Но раздумывать сейчас было некогда, и Петька помчался к Лёлишне. Только бы незаметно проскочить в её квартиру!
Стрелой летел он по лестнице вверх. Коленки от страха дрожали. Сердце стучало где-то в затылке.
Лёлишну чуть с ног не сбил — она бежала навстречу.
Ойкнула, спросила:
— Откуда ты?
— Спрячь меня, — прошептал Петька, — быстро-быстренько. Без разговоров.
— Не могу, дедушка куда-то ушёл.
— Ничего с твоим дедушкой не будет. А со мной, знаешь, что будет? Давай я у вас жить стану? Я смирный. Меня кормить побольше, а больше мне ничего не надо.
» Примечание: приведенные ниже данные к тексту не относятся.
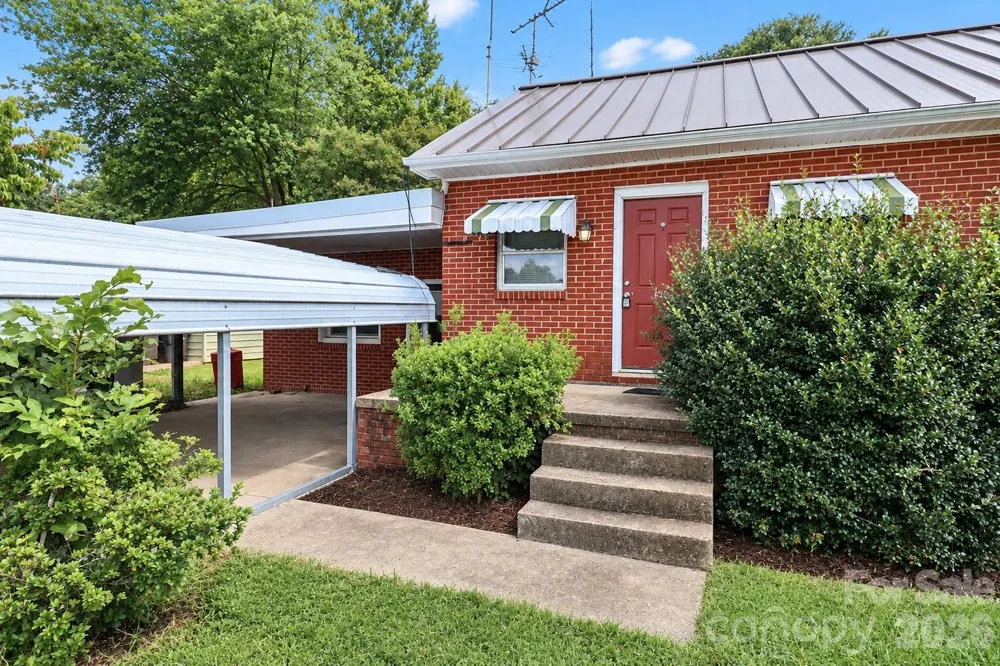 628 Kelly Street Statesville, NC 28677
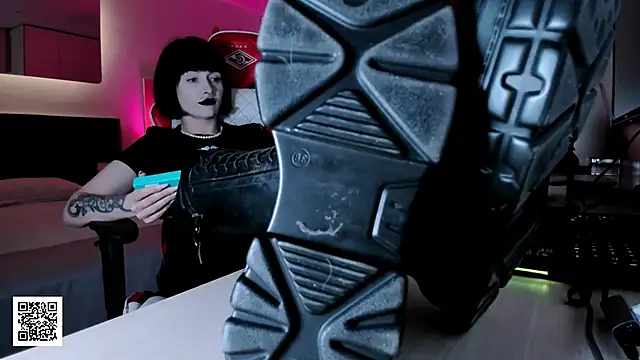  Goddess Misha  online show from 1, 12, 2025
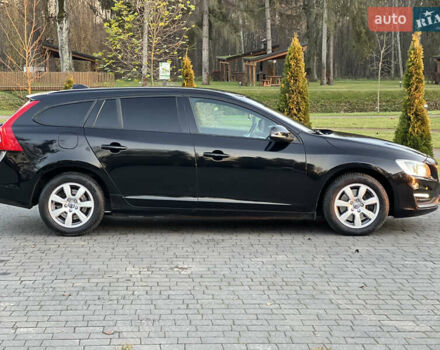 Черный Вольво B60, объемом двигателя 2.4 л и пробегом 235 тыс. км за 15290 $, фото 3 на Automoto.ua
— Не болтай глупостей, — торопливо и сердито сказала Лёлишна. — Сейчас же немедленно иди домой. Там же волнуются. Всю ночь из-за тебя не спали. Тебя милиция ищет. Вот что ты натворил, Пара несчастная!
— Не обзывайся!
— Первый раз обозвала! Потому что довёл всех!
— Ну и ладно! Я лучше в милицию пойду! Пусть судят. Пусть куда-нибудь садят. Хоть отосплюсь!
— Иди домой!
— Не пойду!
— Иди!
— Не пойду!
— Да ведь попадёт же тебе!
— Вот именно! Поэтому и нету мне смысла хорошие поступки делать. Одно мне в жизни осталось: спрятаться бы куда-нибудь и носа не показывать!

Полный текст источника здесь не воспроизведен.